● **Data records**
· · · ·

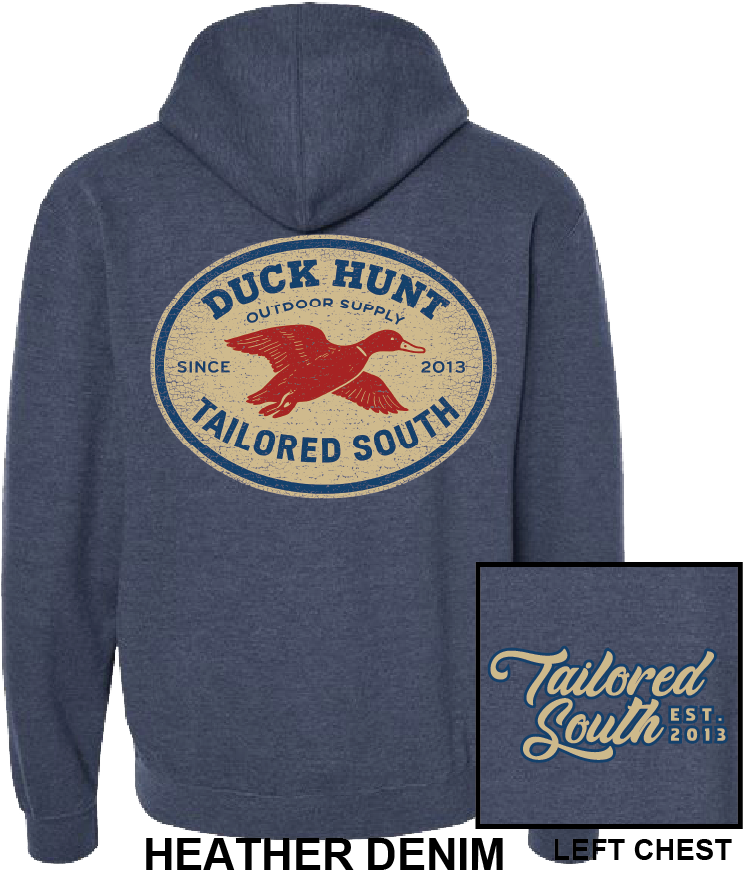 TS030HY - Oval Duck - Heather Denim Hoodie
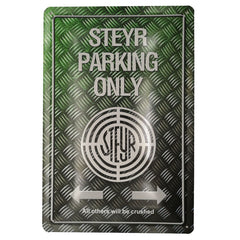 Tin sign - STEYR PARKING ONLY
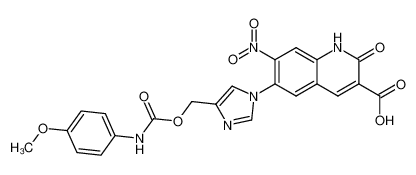 6-(4-((((4-methoxyphenyl)carbamoyl)oxy)methyl)-1H-imidazol-1-yl)-7-nitro-2-oxo-1,2-dihydroquinoline-3-carboxylic acid_288615-04-3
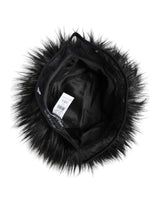Dolce & Gabbana Black Faux Fur Bucket Hat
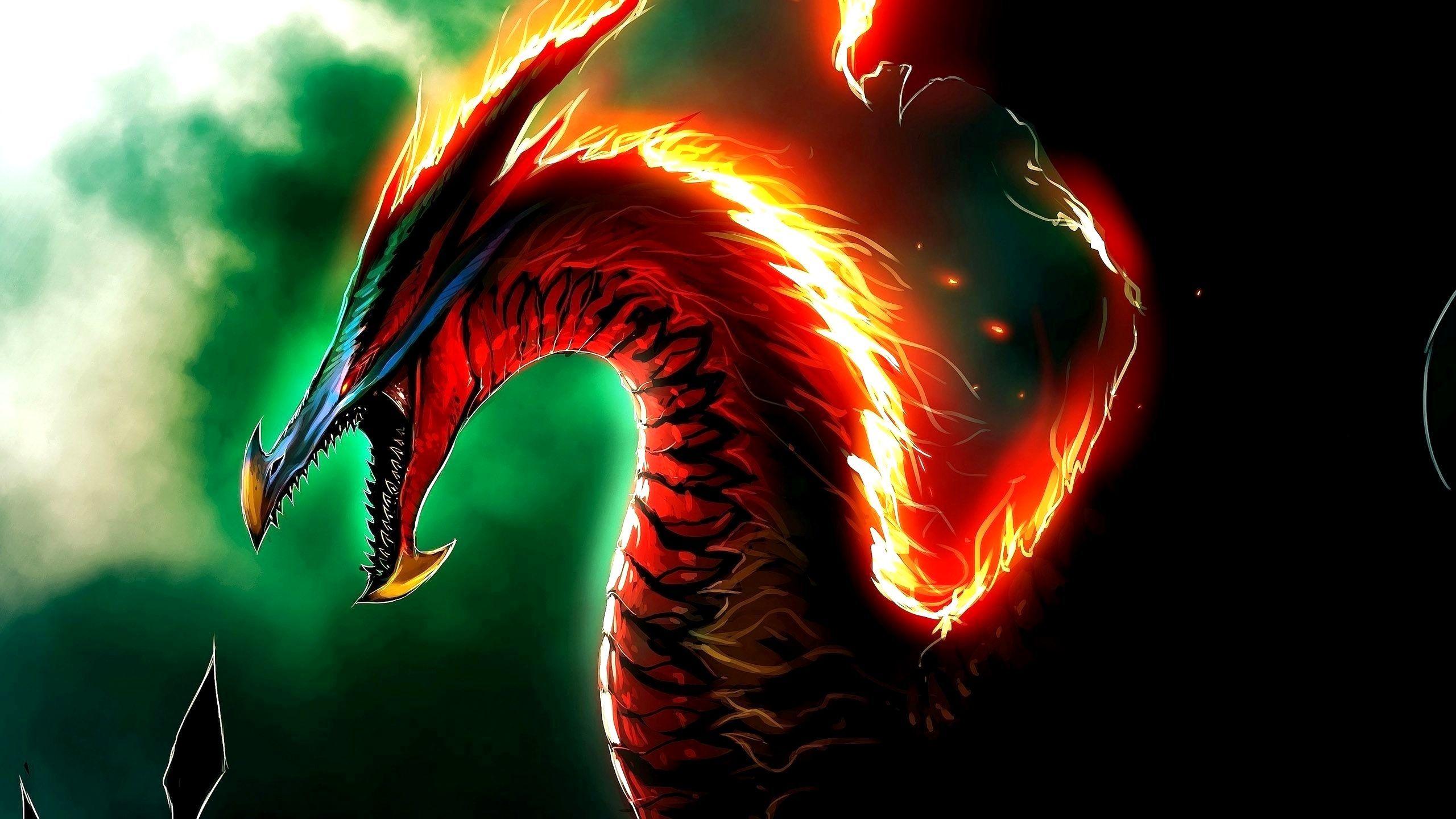 2560x1440 Red Dragon Wallpaper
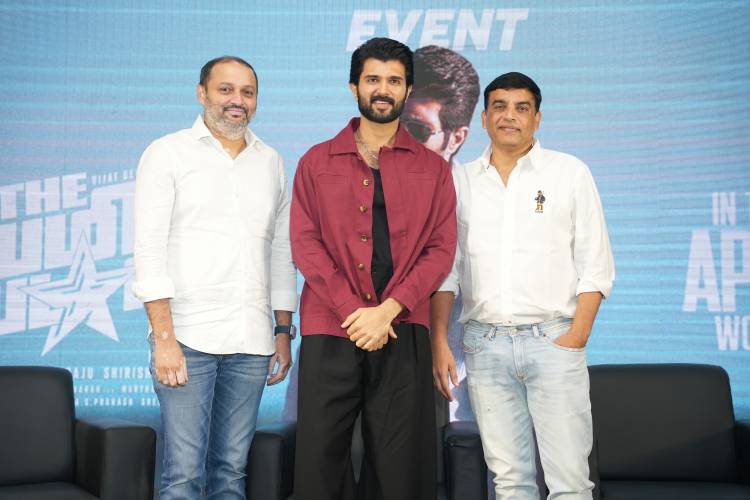 விஜய் தேவரகொண்டா நடிக்கும் 'தி ஃபேமிலி ஸ்டார்' படத்தின் பத்திரிக்கையாளர் சந்திப்பு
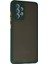 Samsung Galaxy A72 Kılıf Montreal Silikon Kapak - Koyu Yeşil 2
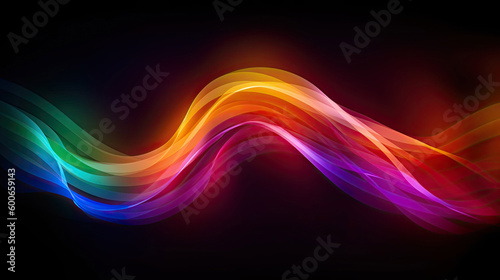 LGBTQ Gay Pride Flag Background with digital art design style with Generative AI Technology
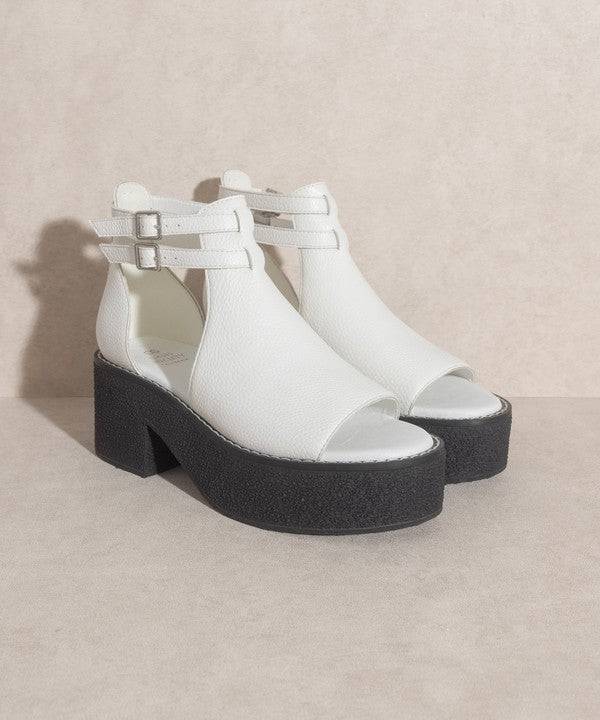 OASIS SOCIETY Elizabeth - Platform Strapped Sandal Eye Candy Sensation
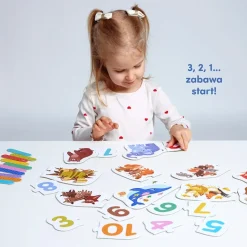 Puzzle do pary Cyferki 20el. 3+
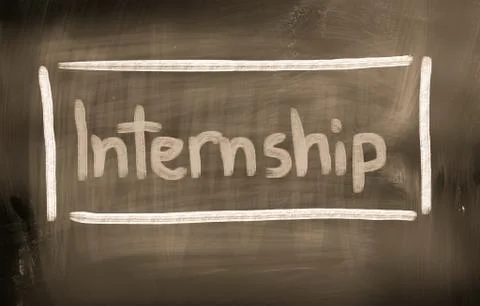Internship concept Stock Illustration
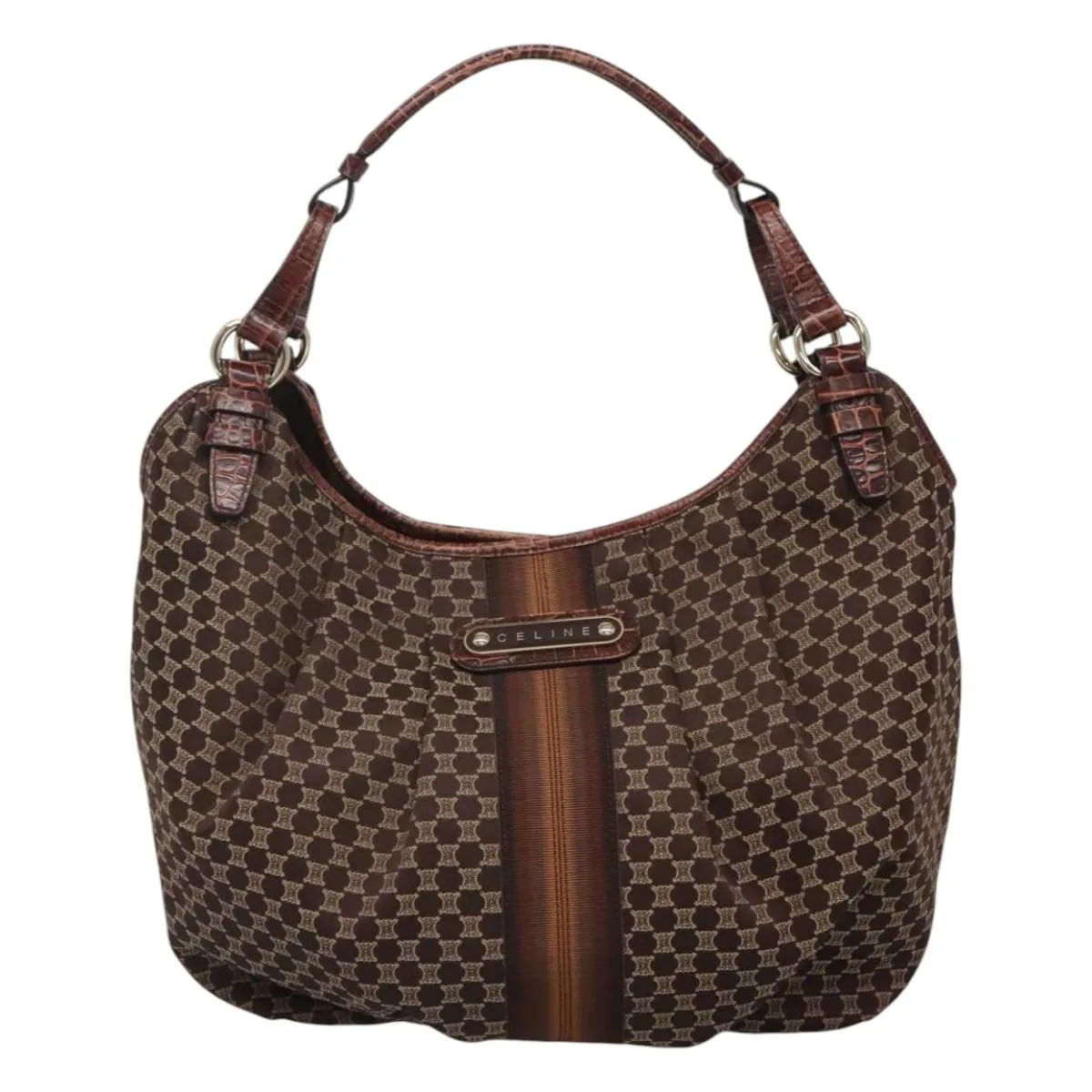 Cline Macadam Canvas Shoulder Bag (Pre-Owned)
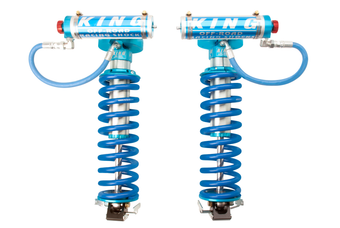 compare product King Shocks 2005+ Ford F-250 4WD Front 2.5 Dia Remote Res Coilover Conversion w/Adjuster (Pair)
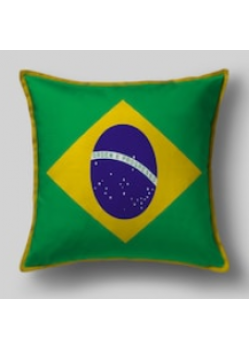 Подушка с флагом Бразилии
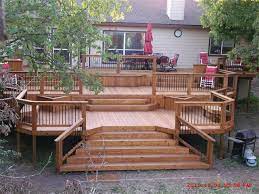 the complete guide about multi level decks with 27 design ideas patio deck designs diy deck decks backyard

· · · ·

● **EXERCISE DIRECTIONS**
Could you write out, word for word, the lines from the one containing "Dolce & Gabbana Black Faux Fur Bucket Hat" through the last line of the records, leaving out the pictures?

● **RESULT OF THE TASK**
Dolce & Gabbana Black Faux Fur Bucket Hat
 2560x1440 Red Dragon Wallpaper
 விஜய் தேவரகொண்டா நடிக்கும் 'தி ஃபேமிலி ஸ்டார்' படத்தின் பத்திரிக்கையாளர் சந்திப்பு
 Samsung Galaxy A72 Kılıf Montreal Silikon Kapak - Koyu Yeşil 2
 LGBTQ Gay Pride Flag Background with digital art design style with Generative AI Technology
 OASIS SOCIETY Elizabeth - Platform Strapped Sandal Eye Candy Sensation
 Puzzle do pary Cyferki 20el. 3+
Internship concept Stock Illustration
 Cline Macadam Canvas Shoulder Bag (Pre-Owned)
 compare product King Shocks 2005+ Ford F-250 4WD Front 2.5 Dia Remote Res Coilover Conversion w/Adjuster (Pair)
 Подушка с флагом Бразилии
 the complete guide about multi level decks with 27 design ideas patio deck designs diy deck decks backyard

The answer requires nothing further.